For schizophrenia, recent research has focused on the
search for genetic mutations and polymorphisms as
causes. This research is based on multiple family
studies indicating that schizophrenia has a high
degree of heritability; it has been stimulated by the
wealth of genetic information that has become
available as part of the human genome project.
The search for specific genes associated with schizophrenia has also been fueled by findings from linkage
studies indicating that some regions of the human
genome are inherited nonrandomly in family members who have schizophrenia.

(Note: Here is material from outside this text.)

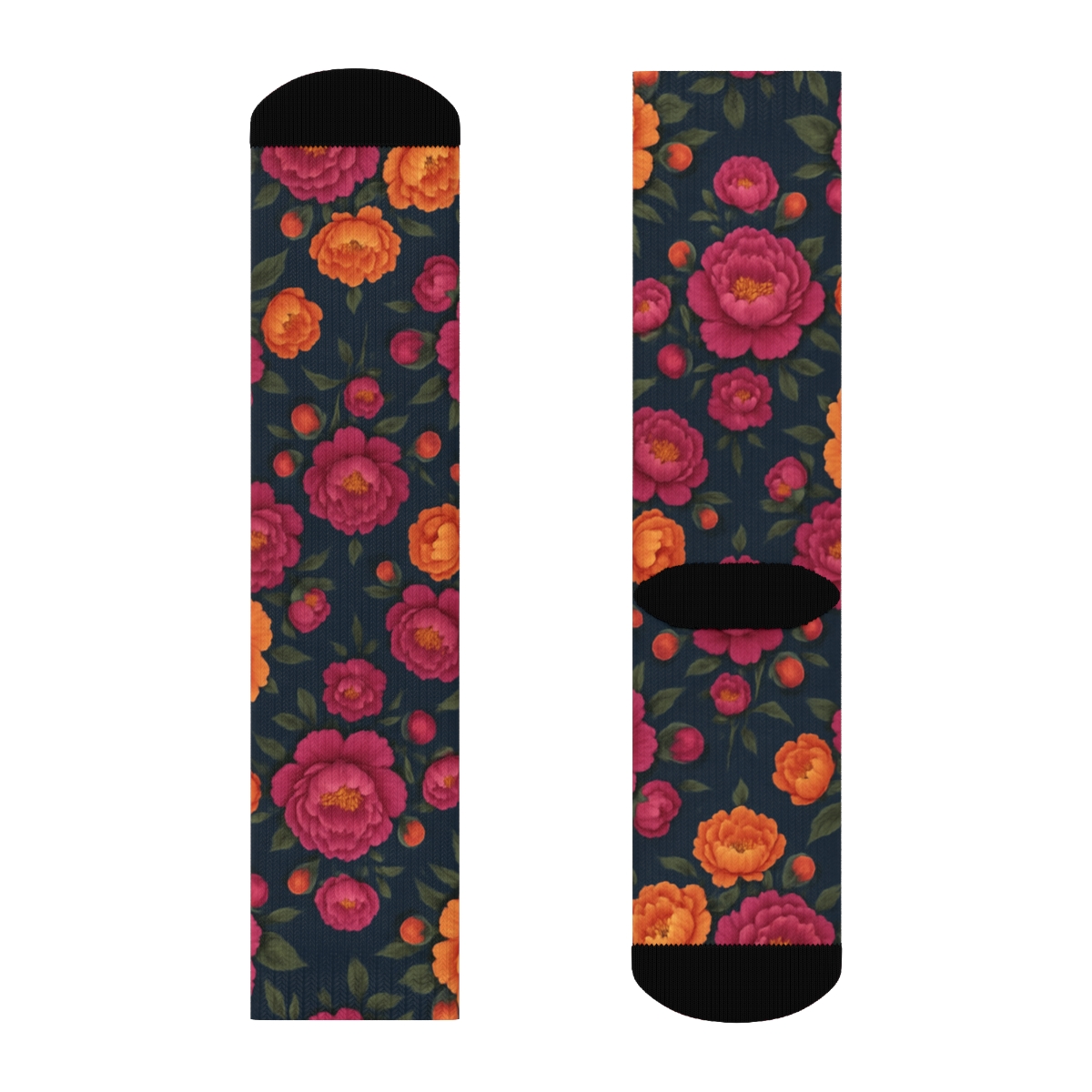 Sunset Peony Medallion Tessellation On Deep Navy Background unique graphic crew socks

Despite a great deal of laboratory research, no single
gene has been discovered that has a major effect in
different populations. Although several genes have
been associated with schizophrenia in case-control
and family studies, many have not been found to be
operant in different populations. The genes that are
consistently associated with schizophrenia in different studies have relatively low odds ratios, generally
in the range of 1.1–1.5. Studies reporting higher odds
ratios have generally not been reproducible in subsequent studies performed in other populations. An
increased understanding of human haplotype structure has also suggested that the strength of some
previously reported associations has been overestimated because of haplotype misclassification. In
addition, many of the genes that are associated with
schizophrenia have similar associations with other
psychiatric disorders such as bipolar disorder and
unipolar depression, as has recently been described
for methylenetetrahydrofolate reductase.30
While the reproducible associations are of great
interest to neurobiologists interested in elucidating
pathways of neural transmission and other neurological processes, associations at this level are of
substantially less value to clinicians and epidemiologists, since they have low positive predictive values
and thus provide little in the way of clinical or
diagnostic guidance. Furthermore, findings in this
range are difficult to duplicate except in studies of
large sample sizes. For example, it takes a study of
approximately 2000 individuals to detect a genetic
factor that is present in the general population at
a rate of 10% and that has a relative risk of 1.5 with a
power of 0.9. Even larger sample sizes are required to
detect genes that are present in lower prevalence or
that have lower odds ratios; for example, more than
6100 individuals would be required to detect a gene
with a population prevalence of 5% and a relative risk
of 1.4.
Methods for genetic analysis are continually evolving. There is currently much interest in methods that
can increase the number of genetic loci that can be
evaluated in a given period of time. While such
methods, which include ‘whole genome association’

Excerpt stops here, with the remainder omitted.